Statistics Department Hosted Seminar Series by Professor Yves Atchade: Saharon Rosset, Quality Preserving Databases: Statistically Sound and Efficient Use of Public Databases for an Infinite Sequence of Tests
Professor Yves Atchade is hosting a bi-weekly seminar series called "Statistical Computing" which will discuss how statistical methods are implemented, and to explore computational techniques with potential applications in statistics.

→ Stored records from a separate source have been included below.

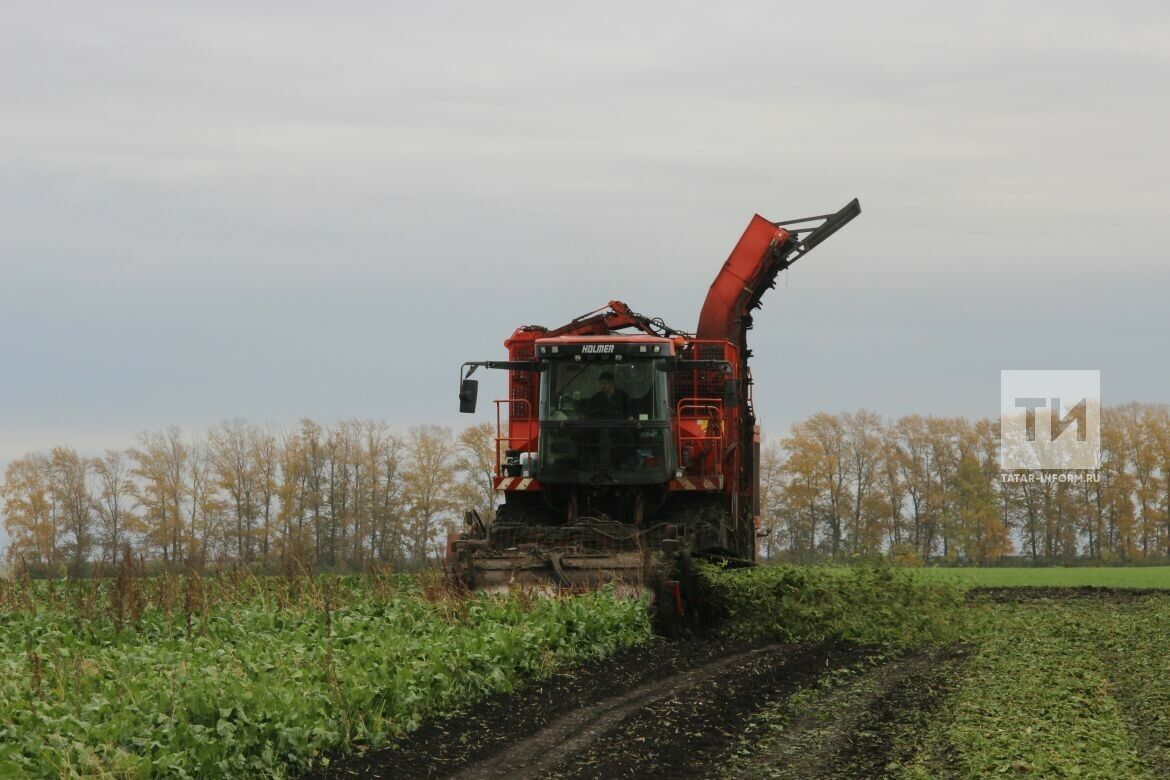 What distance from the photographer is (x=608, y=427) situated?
54.8 feet

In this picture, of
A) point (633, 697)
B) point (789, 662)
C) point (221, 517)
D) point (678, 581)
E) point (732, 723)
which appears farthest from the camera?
point (221, 517)

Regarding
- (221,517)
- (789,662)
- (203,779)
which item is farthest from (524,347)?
(221,517)

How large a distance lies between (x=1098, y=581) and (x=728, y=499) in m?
20.2

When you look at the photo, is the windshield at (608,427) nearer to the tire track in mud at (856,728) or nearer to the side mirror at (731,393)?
the side mirror at (731,393)

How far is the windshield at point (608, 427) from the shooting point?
16.7 metres

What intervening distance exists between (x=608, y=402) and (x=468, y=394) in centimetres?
181

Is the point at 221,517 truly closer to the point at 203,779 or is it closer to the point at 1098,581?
the point at 1098,581

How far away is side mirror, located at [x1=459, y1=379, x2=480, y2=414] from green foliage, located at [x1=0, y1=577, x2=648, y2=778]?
2.29 meters

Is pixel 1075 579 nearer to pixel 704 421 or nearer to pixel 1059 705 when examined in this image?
pixel 704 421

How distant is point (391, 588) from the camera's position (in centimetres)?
1495

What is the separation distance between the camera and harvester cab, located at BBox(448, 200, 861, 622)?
14805mm

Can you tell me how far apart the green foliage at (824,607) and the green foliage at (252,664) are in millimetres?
1504

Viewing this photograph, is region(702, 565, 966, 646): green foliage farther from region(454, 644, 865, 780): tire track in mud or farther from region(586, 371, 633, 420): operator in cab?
region(586, 371, 633, 420): operator in cab

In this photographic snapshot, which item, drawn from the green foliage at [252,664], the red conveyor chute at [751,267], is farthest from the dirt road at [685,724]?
the red conveyor chute at [751,267] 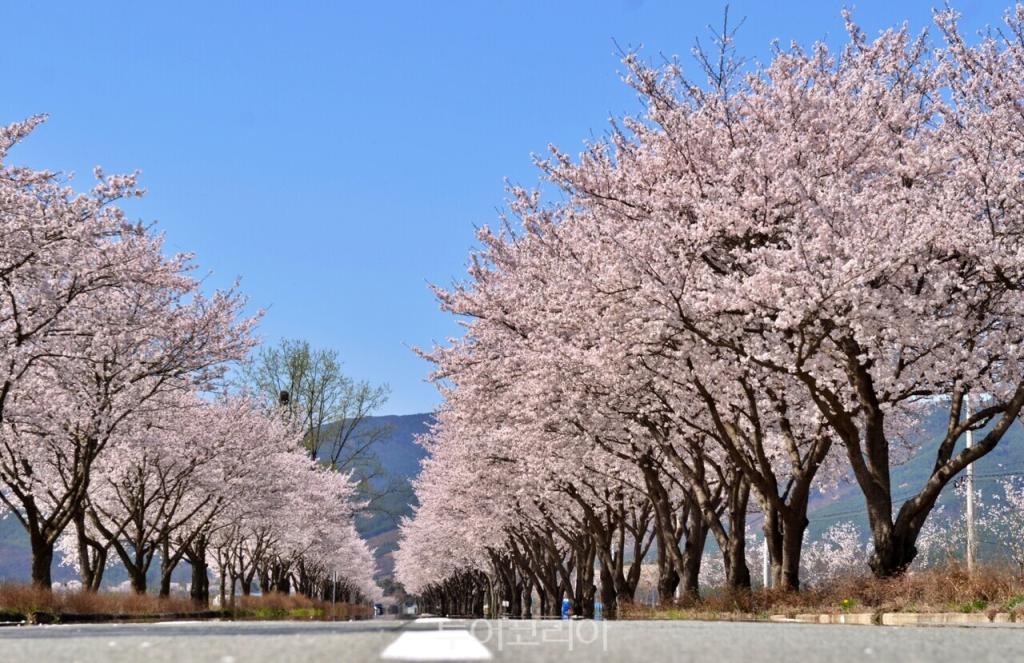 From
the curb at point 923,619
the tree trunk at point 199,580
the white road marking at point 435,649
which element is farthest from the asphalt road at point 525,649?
the tree trunk at point 199,580

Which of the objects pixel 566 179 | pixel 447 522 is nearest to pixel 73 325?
pixel 566 179

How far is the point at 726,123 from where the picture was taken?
71.9 feet

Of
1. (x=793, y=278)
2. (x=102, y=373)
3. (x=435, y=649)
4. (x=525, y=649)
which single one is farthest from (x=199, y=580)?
(x=525, y=649)

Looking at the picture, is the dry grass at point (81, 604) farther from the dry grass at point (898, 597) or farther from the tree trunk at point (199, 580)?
the dry grass at point (898, 597)

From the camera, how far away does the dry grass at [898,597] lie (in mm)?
15578

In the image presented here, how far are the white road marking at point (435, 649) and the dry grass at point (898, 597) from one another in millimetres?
11116

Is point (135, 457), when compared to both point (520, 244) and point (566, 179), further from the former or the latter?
point (566, 179)

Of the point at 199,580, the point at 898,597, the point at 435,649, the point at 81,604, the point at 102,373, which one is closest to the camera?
the point at 435,649

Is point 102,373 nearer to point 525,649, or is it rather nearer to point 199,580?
point 199,580

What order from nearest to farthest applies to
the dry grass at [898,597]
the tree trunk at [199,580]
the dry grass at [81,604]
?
the dry grass at [898,597] < the dry grass at [81,604] < the tree trunk at [199,580]

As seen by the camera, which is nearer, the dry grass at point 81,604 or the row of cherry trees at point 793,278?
the row of cherry trees at point 793,278

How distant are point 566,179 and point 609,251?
10.3ft

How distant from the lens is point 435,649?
4.88 meters

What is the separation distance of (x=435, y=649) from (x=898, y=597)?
14.1m
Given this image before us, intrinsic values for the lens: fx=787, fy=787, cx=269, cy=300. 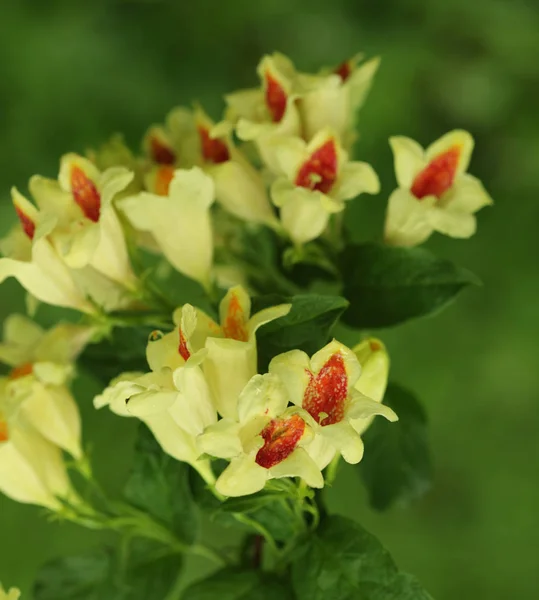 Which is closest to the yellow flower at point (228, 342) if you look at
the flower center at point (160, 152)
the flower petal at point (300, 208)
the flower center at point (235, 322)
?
the flower center at point (235, 322)

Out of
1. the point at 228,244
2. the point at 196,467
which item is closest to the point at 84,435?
the point at 228,244

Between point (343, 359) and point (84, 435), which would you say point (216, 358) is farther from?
point (84, 435)

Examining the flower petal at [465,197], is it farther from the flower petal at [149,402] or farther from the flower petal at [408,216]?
the flower petal at [149,402]

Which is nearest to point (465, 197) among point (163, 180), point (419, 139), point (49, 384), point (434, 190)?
point (434, 190)

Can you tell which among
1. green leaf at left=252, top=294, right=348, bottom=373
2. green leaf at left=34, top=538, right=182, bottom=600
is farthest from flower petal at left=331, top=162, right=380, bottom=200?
green leaf at left=34, top=538, right=182, bottom=600

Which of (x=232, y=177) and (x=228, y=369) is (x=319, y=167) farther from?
(x=228, y=369)

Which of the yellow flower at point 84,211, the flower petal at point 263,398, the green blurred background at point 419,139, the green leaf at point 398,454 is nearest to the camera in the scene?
the flower petal at point 263,398

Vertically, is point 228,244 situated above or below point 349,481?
above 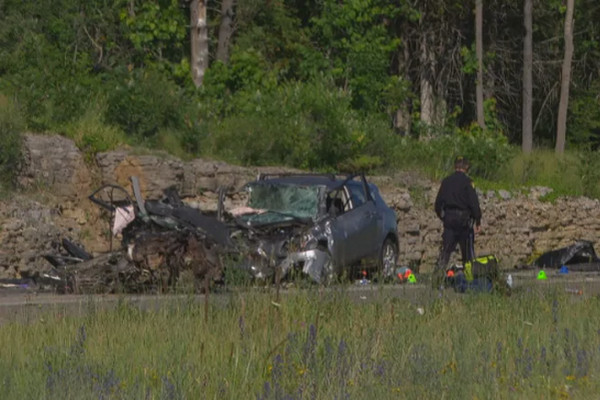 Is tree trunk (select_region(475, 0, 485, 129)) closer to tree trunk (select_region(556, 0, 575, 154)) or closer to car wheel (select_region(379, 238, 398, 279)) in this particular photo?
tree trunk (select_region(556, 0, 575, 154))

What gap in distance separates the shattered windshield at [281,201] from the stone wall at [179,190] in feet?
11.7

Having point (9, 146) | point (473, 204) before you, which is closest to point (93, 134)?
point (9, 146)

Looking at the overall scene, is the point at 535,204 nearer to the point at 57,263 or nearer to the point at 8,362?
the point at 57,263

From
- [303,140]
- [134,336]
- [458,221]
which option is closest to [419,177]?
[303,140]

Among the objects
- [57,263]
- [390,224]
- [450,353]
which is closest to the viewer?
[450,353]

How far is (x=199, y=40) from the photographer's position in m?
36.9

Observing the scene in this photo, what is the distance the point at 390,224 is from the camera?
71.8 feet

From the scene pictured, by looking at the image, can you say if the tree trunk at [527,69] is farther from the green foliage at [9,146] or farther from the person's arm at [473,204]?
the person's arm at [473,204]

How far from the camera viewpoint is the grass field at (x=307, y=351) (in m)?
9.23

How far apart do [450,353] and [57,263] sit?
8.81 metres

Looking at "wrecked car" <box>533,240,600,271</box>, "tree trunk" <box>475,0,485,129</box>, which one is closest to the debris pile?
"wrecked car" <box>533,240,600,271</box>

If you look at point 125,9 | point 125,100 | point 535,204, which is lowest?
point 535,204

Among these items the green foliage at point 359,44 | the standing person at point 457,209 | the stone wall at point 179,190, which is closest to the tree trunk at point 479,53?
the green foliage at point 359,44

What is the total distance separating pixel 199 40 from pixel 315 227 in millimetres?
18379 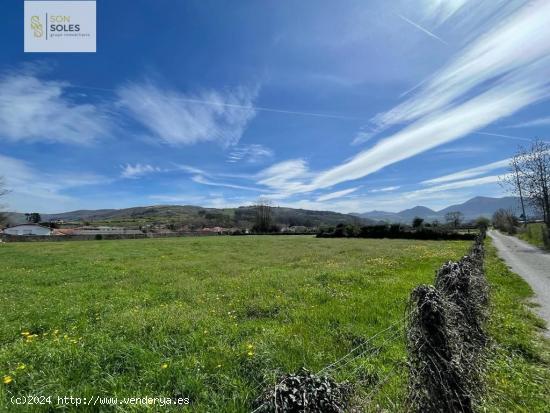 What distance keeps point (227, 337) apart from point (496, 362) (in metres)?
5.02

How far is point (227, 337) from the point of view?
6234 mm

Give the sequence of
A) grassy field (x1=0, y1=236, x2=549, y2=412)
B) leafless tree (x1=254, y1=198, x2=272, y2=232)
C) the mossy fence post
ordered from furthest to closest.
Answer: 1. leafless tree (x1=254, y1=198, x2=272, y2=232)
2. grassy field (x1=0, y1=236, x2=549, y2=412)
3. the mossy fence post

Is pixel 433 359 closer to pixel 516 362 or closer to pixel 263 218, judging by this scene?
pixel 516 362

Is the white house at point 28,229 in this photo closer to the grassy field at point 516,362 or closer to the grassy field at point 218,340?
the grassy field at point 218,340

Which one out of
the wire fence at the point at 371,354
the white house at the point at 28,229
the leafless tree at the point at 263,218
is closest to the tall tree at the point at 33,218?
the white house at the point at 28,229

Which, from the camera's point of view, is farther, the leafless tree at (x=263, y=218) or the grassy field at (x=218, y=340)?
the leafless tree at (x=263, y=218)

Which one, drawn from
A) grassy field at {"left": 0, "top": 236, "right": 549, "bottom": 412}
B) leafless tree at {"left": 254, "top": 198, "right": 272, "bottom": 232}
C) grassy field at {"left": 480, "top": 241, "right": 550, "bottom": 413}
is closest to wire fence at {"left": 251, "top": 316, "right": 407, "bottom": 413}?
grassy field at {"left": 0, "top": 236, "right": 549, "bottom": 412}

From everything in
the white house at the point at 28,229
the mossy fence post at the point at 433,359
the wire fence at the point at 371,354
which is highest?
the white house at the point at 28,229

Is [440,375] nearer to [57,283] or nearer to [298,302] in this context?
[298,302]

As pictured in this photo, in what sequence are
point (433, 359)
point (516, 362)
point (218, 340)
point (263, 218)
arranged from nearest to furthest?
point (433, 359), point (516, 362), point (218, 340), point (263, 218)

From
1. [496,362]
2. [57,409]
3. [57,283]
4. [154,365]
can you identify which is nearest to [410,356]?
[496,362]

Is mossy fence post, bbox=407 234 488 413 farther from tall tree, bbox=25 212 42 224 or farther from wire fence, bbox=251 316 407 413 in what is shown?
tall tree, bbox=25 212 42 224

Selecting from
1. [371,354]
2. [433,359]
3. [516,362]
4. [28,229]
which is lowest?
[516,362]

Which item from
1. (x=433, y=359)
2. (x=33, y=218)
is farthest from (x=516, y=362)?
(x=33, y=218) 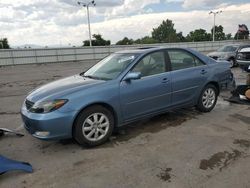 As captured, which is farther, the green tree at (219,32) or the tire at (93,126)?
the green tree at (219,32)

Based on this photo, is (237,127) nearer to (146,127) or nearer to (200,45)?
(146,127)

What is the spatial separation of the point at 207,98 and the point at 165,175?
308 cm

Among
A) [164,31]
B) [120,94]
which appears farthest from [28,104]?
[164,31]

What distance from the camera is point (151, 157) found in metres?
4.06

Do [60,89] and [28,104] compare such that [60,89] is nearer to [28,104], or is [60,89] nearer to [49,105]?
[49,105]

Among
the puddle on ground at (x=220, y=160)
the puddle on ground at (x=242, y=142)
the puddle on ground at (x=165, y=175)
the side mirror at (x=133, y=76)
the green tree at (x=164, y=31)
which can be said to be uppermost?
the green tree at (x=164, y=31)

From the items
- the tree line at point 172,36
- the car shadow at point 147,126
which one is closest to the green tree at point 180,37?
the tree line at point 172,36

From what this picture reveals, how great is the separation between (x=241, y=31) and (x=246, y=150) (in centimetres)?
4339

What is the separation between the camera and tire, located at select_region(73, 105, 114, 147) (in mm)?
4289

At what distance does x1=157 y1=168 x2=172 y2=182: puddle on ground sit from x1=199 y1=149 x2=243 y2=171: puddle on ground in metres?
0.45

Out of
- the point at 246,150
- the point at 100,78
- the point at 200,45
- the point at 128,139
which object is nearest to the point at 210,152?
the point at 246,150

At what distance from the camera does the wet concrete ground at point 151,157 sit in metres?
3.44

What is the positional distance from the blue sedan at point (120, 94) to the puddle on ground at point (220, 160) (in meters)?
1.50

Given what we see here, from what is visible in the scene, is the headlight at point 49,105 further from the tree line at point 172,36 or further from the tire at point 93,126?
the tree line at point 172,36
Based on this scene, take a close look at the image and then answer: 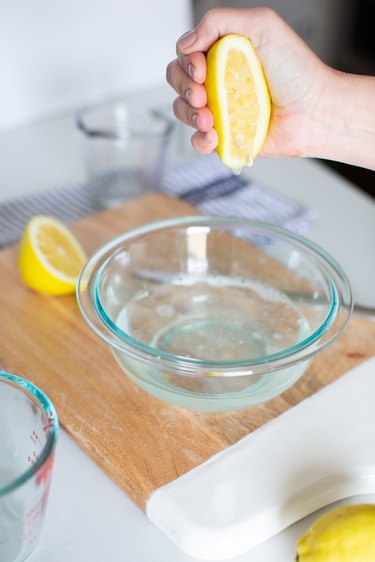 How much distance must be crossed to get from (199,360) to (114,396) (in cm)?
15

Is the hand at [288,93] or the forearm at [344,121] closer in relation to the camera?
the hand at [288,93]

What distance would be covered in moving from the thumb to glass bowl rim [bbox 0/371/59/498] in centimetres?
41

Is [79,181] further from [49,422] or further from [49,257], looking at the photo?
[49,422]

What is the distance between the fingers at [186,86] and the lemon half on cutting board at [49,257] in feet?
0.92

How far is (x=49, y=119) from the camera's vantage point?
1.57 meters

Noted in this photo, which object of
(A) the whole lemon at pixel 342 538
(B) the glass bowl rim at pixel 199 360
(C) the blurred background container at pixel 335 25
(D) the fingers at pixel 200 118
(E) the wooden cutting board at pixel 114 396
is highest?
(D) the fingers at pixel 200 118

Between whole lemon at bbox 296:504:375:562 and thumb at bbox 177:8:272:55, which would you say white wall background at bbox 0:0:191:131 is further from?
whole lemon at bbox 296:504:375:562

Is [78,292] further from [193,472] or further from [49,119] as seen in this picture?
[49,119]

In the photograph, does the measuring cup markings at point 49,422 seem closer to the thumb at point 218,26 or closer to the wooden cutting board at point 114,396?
the wooden cutting board at point 114,396

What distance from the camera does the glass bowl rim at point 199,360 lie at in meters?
0.77

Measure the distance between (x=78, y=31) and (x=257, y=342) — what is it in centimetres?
86

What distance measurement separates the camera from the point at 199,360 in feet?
2.54

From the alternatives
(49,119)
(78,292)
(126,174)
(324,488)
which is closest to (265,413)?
(324,488)

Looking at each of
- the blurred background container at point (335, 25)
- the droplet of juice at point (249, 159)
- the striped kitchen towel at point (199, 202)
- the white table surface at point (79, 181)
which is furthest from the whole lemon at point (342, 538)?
the blurred background container at point (335, 25) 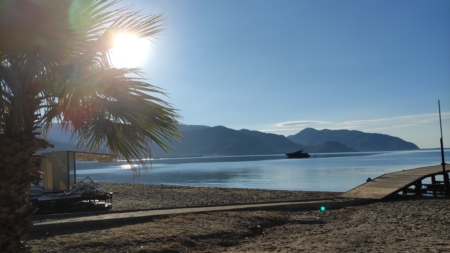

Large databases whose usage is open to the scientific community to facilitate research are becoming commonplace, especiallyin Biology and Genetics. The emerging scenario in which a community of researchers sequentially conduct multiple statistical tests on one shared database gives rise to major multiple hypothesis testing issues. It is often hard to control false discovery in the presence of unpredictable and sequential use, and existing tools are very limited. We suggest a scheme we term Quality Preserving Database (QPD) for controlling false discovery without any power loss by adding new samples for each use of the database and charging the user with the expenses. The crux of the scheme is a carefully crafted pricing system that fairly prices different user requests based on their demands while controlling false discovery. The statistical problem encountered is one of defining appropriate measures of false discovery that can be controlled sequentially, and designing methodologies that can control them in the context of QPD. We describe a simple QPD implementation based on controlling the family-wise error rate using a method called alpha-spending, and a more involved implementation based on controlling a measure called mFDR, using an approach we term generalized alpha investing. We derive the favorable statistical properties of generalized alpha investing variants in general, and in the context of QPD in particular. The variant we implement can guarantee infinite use of a public database while preserving power, with very low costs, or even no costs under some realistic assumptions. We demonstrate this idea in simulations and describe its potential application to several real life setups.
Joint work with Ehud Aharoni and Hani Neuvirth of IBM Research.